───── SOURCE DATA

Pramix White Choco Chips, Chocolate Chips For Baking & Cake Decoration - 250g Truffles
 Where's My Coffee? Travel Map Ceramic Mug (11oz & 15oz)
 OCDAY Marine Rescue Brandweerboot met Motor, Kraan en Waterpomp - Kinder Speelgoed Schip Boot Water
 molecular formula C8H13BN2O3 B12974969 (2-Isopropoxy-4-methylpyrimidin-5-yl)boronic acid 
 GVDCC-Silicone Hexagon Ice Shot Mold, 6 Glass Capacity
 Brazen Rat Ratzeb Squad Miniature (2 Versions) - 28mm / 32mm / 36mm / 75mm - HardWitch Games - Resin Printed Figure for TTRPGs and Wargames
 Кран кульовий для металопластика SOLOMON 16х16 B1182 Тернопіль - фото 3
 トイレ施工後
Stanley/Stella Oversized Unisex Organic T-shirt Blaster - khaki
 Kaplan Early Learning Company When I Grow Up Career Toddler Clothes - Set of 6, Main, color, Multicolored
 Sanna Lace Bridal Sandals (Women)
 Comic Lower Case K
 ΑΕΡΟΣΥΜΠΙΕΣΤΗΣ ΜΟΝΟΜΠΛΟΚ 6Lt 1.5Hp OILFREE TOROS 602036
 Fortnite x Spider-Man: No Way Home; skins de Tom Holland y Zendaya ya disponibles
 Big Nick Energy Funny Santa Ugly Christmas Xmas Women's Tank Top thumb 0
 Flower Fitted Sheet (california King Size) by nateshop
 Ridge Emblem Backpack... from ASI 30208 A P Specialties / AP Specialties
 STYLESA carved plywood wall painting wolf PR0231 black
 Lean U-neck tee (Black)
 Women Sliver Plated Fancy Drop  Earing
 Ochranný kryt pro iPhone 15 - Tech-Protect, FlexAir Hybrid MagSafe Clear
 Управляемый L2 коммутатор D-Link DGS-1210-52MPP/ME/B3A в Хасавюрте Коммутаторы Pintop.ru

──────────

■ YOUR OBJECTIVE
Reproduce the entries exactly, each one as given.

■ EXERCISE RESULT
Pramix White Choco Chips, Chocolate Chips For Baking & Cake Decoration - 250g Truffles
 Where's My Coffee? Travel Map Ceramic Mug (11oz & 15oz)
 OCDAY Marine Rescue Brandweerboot met Motor, Kraan en Waterpomp - Kinder Speelgoed Schip Boot Water
 molecular formula C8H13BN2O3 B12974969 (2-Isopropoxy-4-methylpyrimidin-5-yl)boronic acid 
 GVDCC-Silicone Hexagon Ice Shot Mold, 6 Glass Capacity
 Brazen Rat Ratzeb Squad Miniature (2 Versions) - 28mm / 32mm / 36mm / 75mm - HardWitch Games - Resin Printed Figure for TTRPGs and Wargames
 Кран кульовий для металопластика SOLOMON 16х16 B1182 Тернопіль - фото 3
 トイレ施工後
Stanley/Stella Oversized Unisex Organic T-shirt Blaster - khaki
 Kaplan Early Learning Company When I Grow Up Career Toddler Clothes - Set of 6, Main, color, Multicolored
 Sanna Lace Bridal Sandals (Women)
 Comic Lower Case K
 ΑΕΡΟΣΥΜΠΙΕΣΤΗΣ ΜΟΝΟΜΠΛΟΚ 6Lt 1.5Hp OILFREE TOROS 602036
 Fortnite x Spider-Man: No Way Home; skins de Tom Holland y Zendaya ya disponibles
 Big Nick Energy Funny Santa Ugly Christmas Xmas Women's Tank Top thumb 0
 Flower Fitted Sheet (california King Size) by nateshop
 Ridge Emblem Backpack... from ASI 30208 A P Specialties / AP Specialties
 STYLESA carved plywood wall painting wolf PR0231 black
 Lean U-neck tee (Black)
 Women Sliver Plated Fancy Drop  Earing
 Ochranný kryt pro iPhone 15 - Tech-Protect, FlexAir Hybrid MagSafe Clear
 Управляемый L2 коммутатор D-Link DGS-1210-52MPP/ME/B3A в Хасавюрте Коммутаторы Pintop.ru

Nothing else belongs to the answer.